(Task input begins)

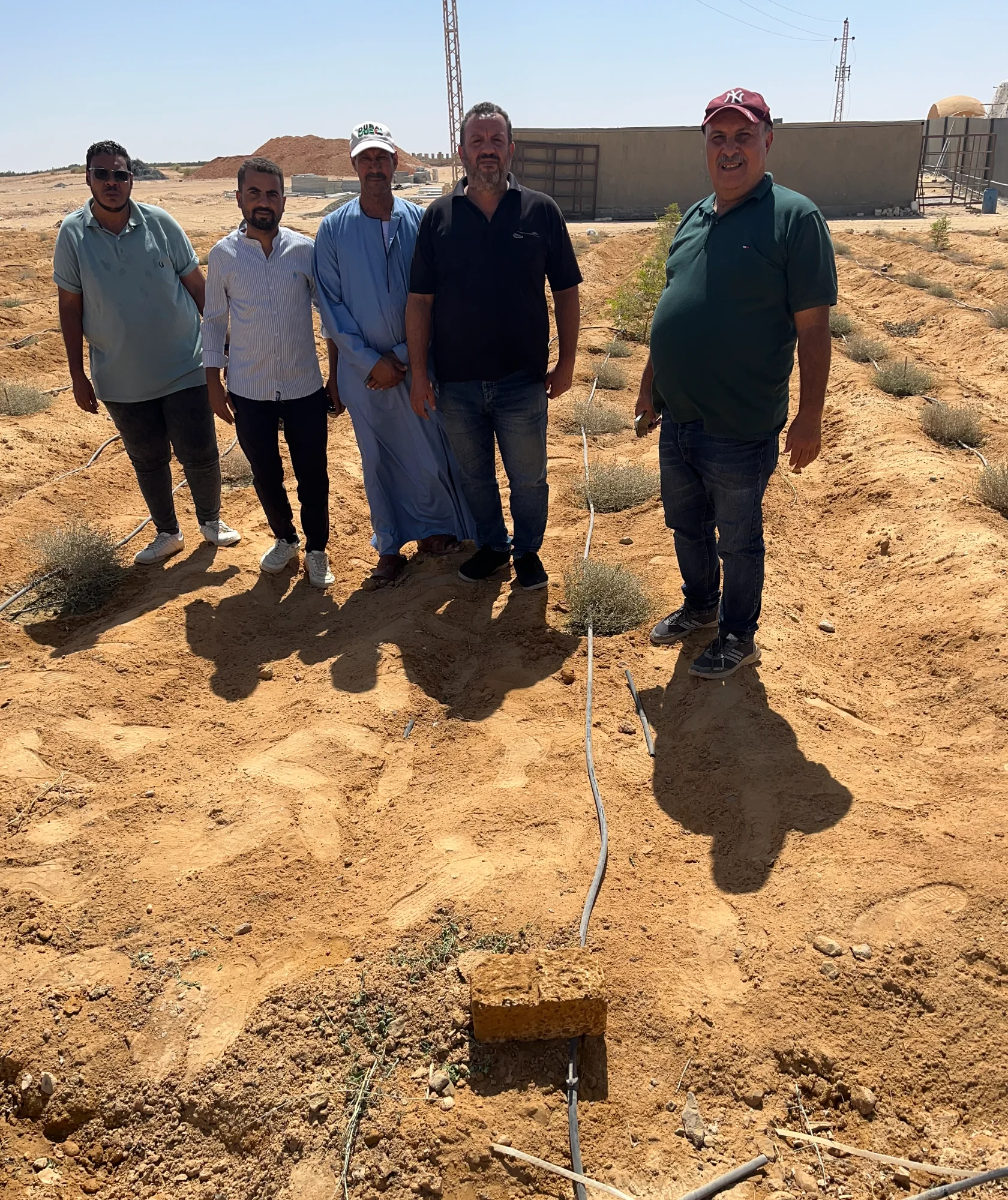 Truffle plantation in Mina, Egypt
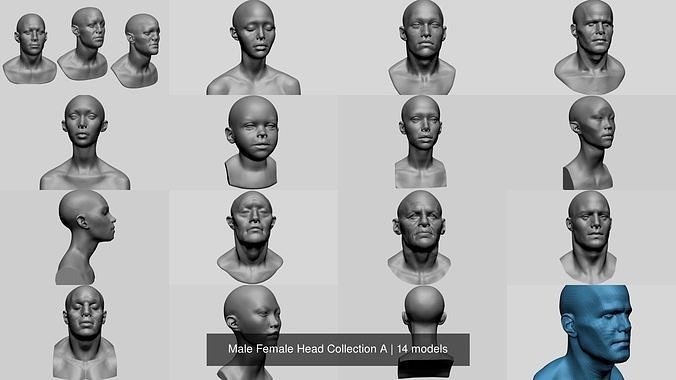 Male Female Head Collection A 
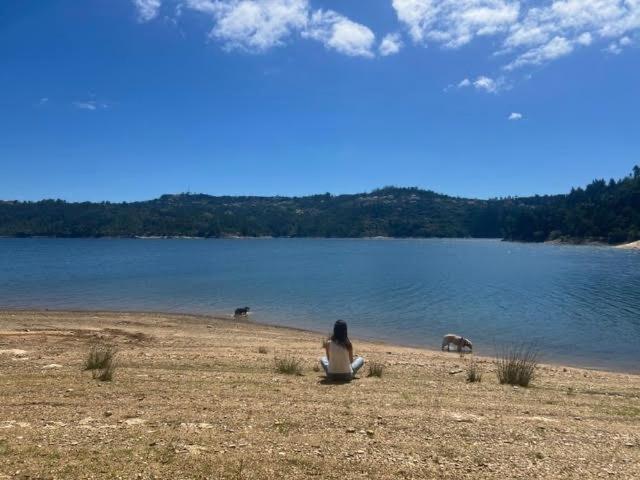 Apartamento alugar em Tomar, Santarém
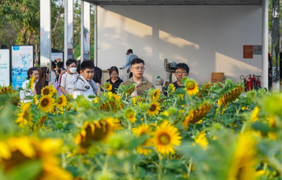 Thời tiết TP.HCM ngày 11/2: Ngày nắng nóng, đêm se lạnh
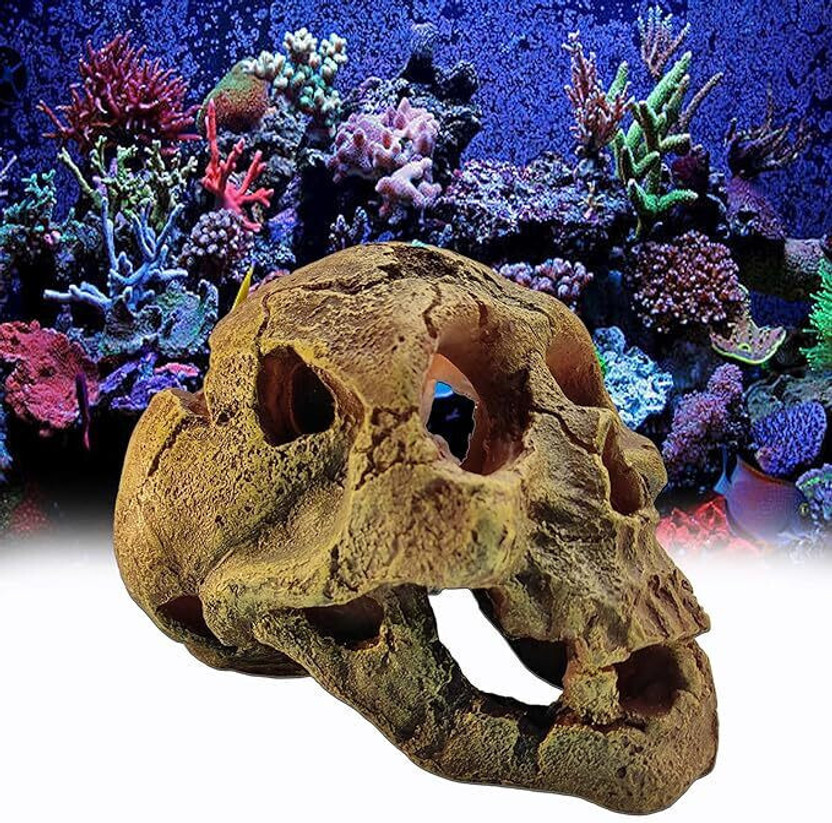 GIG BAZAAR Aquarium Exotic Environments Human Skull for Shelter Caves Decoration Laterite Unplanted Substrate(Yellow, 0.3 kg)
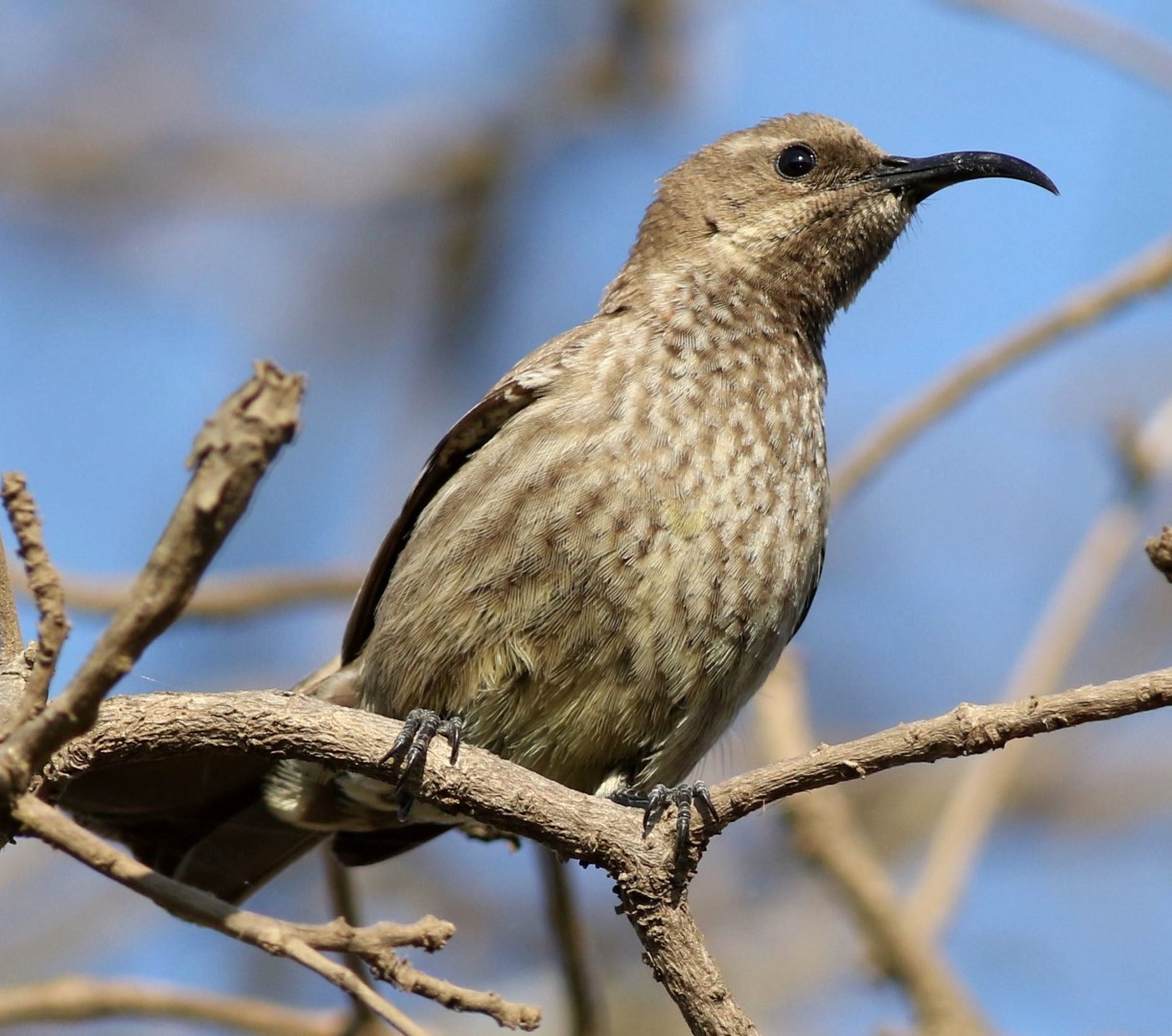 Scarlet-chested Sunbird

(Task input ends)

**Exercise objective:**
Would you return the data exactly as written, without the pictures?

**The completed task:**
 Truffle plantation in Mina, Egypt
 Male Female Head Collection A 
 Apartamento alugar em Tomar, Santarém
 Thời tiết TP.HCM ngày 11/2: Ngày nắng nóng, đêm se lạnh
 GIG BAZAAR Aquarium Exotic Environments Human Skull for Shelter Caves Decoration Laterite Unplanted Substrate(Yellow, 0.3 kg)
 Scarlet-chested Sunbird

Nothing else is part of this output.